PROBLEM STATEMENT: Extract only the lines running from the top of the entries to the line that holds "Looms Mauve Cable Pointelle Cardigan". Include that line and omit the pictures.

EXERCISE DATA:

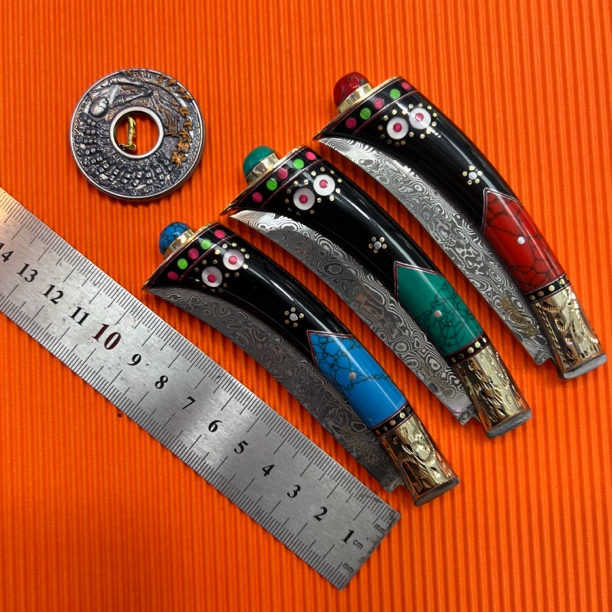 新疆英吉沙大马士革材质手工折叠小刀水果刀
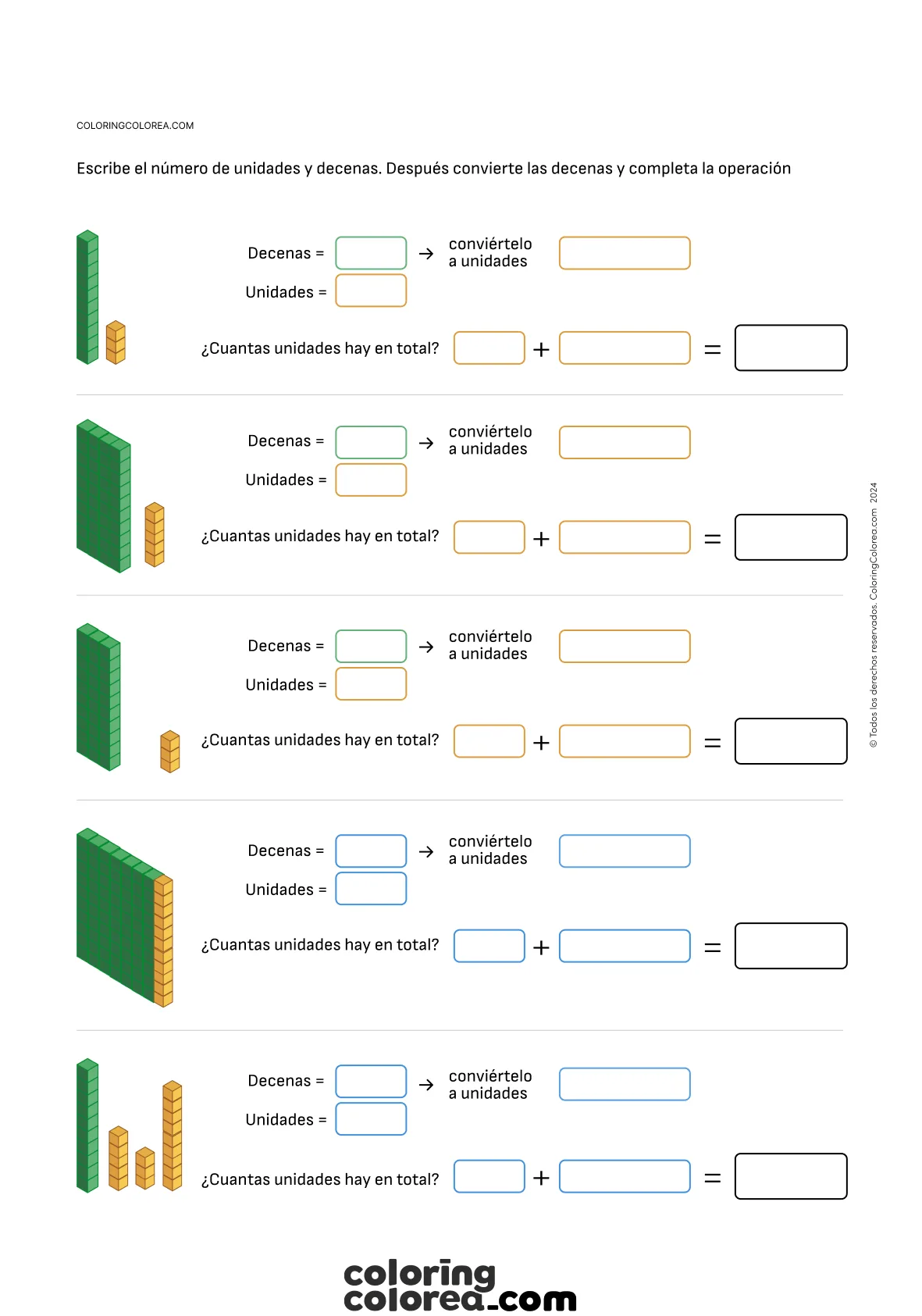 Ficha de ejercicios de matemáticas para reforzar el sistema decimal: unidades, decenas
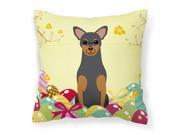 Easter Eggs Manchester Terrier Fabric Decorative Pillow BB6028PW1818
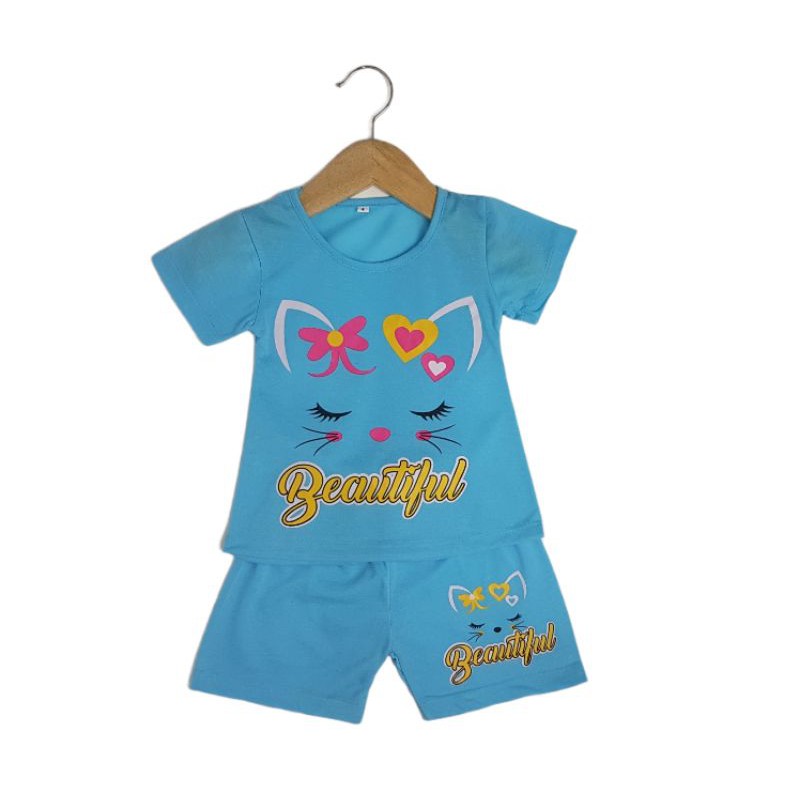 SETELAN SIKUNING PAKAIAN BAJU ANAK PEREMPUAN 2-7 TAHUN MOTIF CAT CUTE BEUTIFFUL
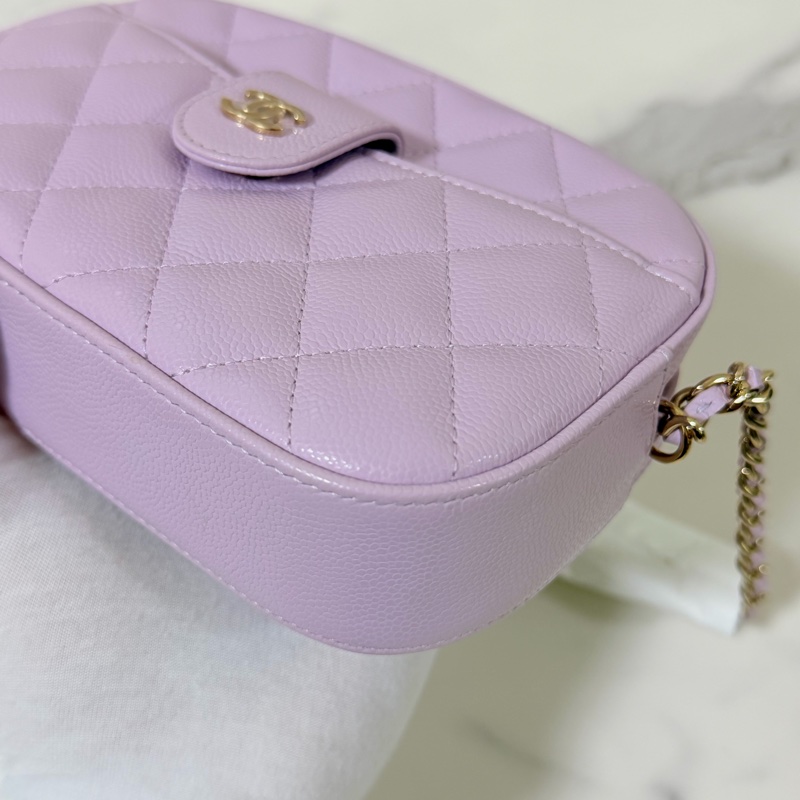 CHANEL 24p相機包 荔枝皮絕美紫色💜 稀有 全新品-14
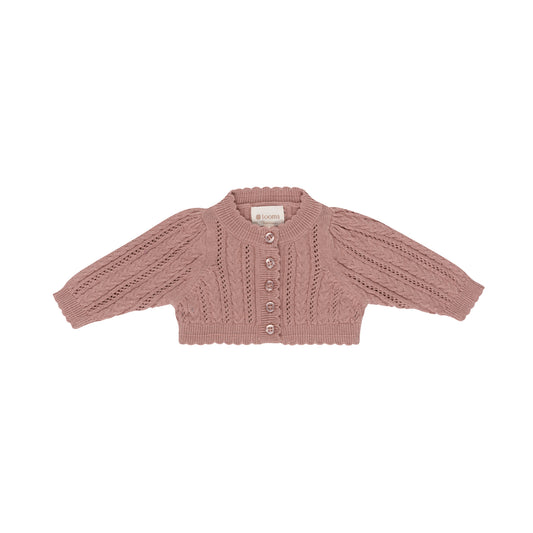 Looms Mauve Cable Pointelle Cardigan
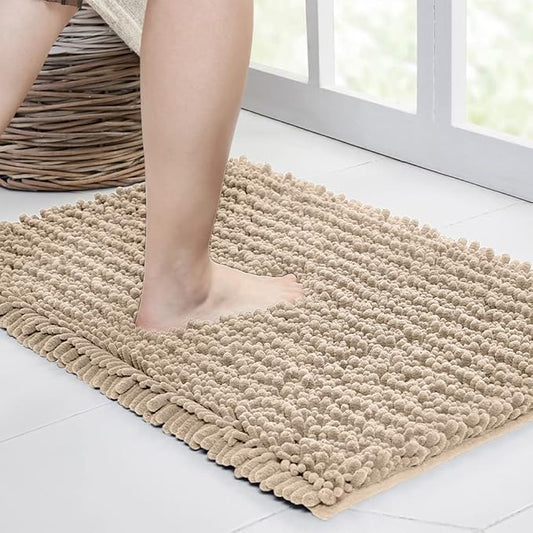 Walensee Bathroom Rug Non Slip Bath Mat (32x20 Inch Beige) Water Absorbent Super Soft Shaggy Chenille Machine Washable Dry Extra Thick Perfect Absorbant Best Large Plush Carpet for Shower Floor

RESPONSE:
 新疆英吉沙大马士革材质手工折叠小刀水果刀
 Ficha de ejercicios de matemáticas para reforzar el sistema decimal: unidades, decenas
 Easter Eggs Manchester Terrier Fabric Decorative Pillow BB6028PW1818
 SETELAN SIKUNING PAKAIAN BAJU ANAK PEREMPUAN 2-7 TAHUN MOTIF CAT CUTE BEUTIFFUL
 CHANEL 24p相機包 荔枝皮絕美紫色💜 稀有 全新品-14
 Looms Mauve Cable Pointelle Cardigan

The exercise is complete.